**** DATA FOR REVIEW

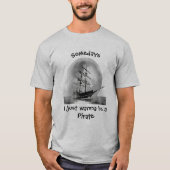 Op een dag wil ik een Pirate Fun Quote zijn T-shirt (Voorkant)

********
**** DATA FOR REVIEW

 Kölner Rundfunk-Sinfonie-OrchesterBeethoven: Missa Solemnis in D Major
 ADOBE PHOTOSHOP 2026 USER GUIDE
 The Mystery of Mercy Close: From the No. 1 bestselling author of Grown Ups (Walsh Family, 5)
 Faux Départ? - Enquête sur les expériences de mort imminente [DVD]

********

**EXERCISE DIRECTIONS**
The lines above from the one with "Kölner Rundfunk-Sinfonie-OrchesterBeethoven: Missa" through the one with "Faux Départ? - Enquête" are to be duplicated exactly, ends included, with nothing added.

**WRITTEN RESPONSE**
 Kölner Rundfunk-Sinfonie-OrchesterBeethoven: Missa Solemnis in D Major
 ADOBE PHOTOSHOP 2026 USER GUIDE
 The Mystery of Mercy Close: From the No. 1 bestselling author of Grown Ups (Walsh Family, 5)
 Faux Départ? - Enquête sur les expériences de mort imminente [DVD]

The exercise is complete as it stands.